When the array is **not sorted**, consecutive entries in the array are equally likely to be less than 50, or equal/greater than 50. This makes the chance we have to add to the **sum** 50-50. The BPU can not be expected to guess whether or not **sum** will be updated at each entry in the array, and as a result, the program causes a large number of **branch mispredictions** – which are costly: the CPU pipeline will have been filled with **instructions from the wrong program branch** which have to be **flushed**, and then the pipeline has to be **re-filled** with the instructions from the correct branch.

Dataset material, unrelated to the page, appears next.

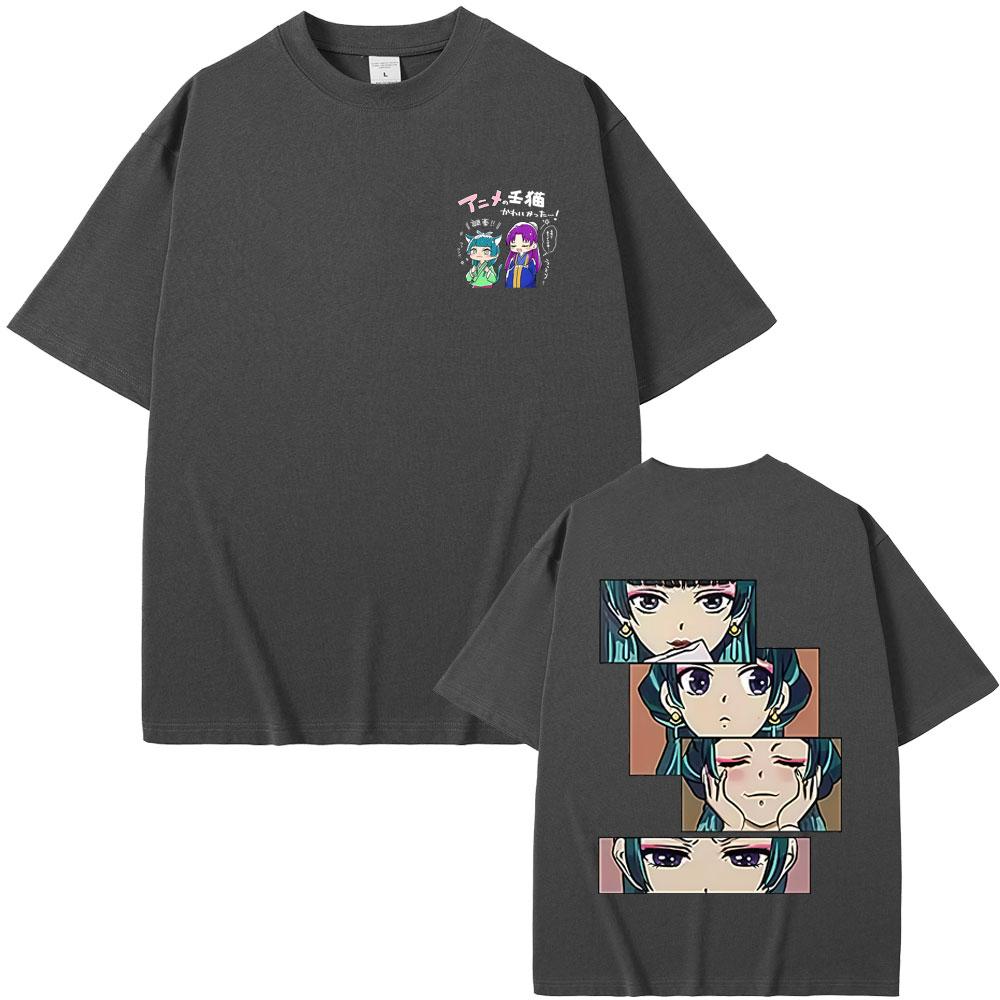 Anime The Apothecary Diaries Merch Tshirt Kawaii Cute Maomao Eyes Graphic T Shirts Men Women Casual Oversized Cotton Tshirts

With an *un-sorted array*, the run-time for the program above is:

./a.out Initializing array Computing the sum! Time taken adding up entries in the array 96.484386 Total time=96.484386 The sum is 9313156556.000000

Now, notice the program has an optional pre-processing step controlled by the **DO\_DEBUG** flag. When set, the program will first call **qsort()** to sort the array before proceeding to the section that computes the sum of elements >= 50.

Wth a sorted array, the **branch that updates 'sum'** will be taken for approximately one-half of the array, and the **branch that does not update 'sum'** will be taken for the other half. So the BPU can guess which branch will be taken almost all the time – except for the part near the middle of the array where the decision to take one branch or the other changes.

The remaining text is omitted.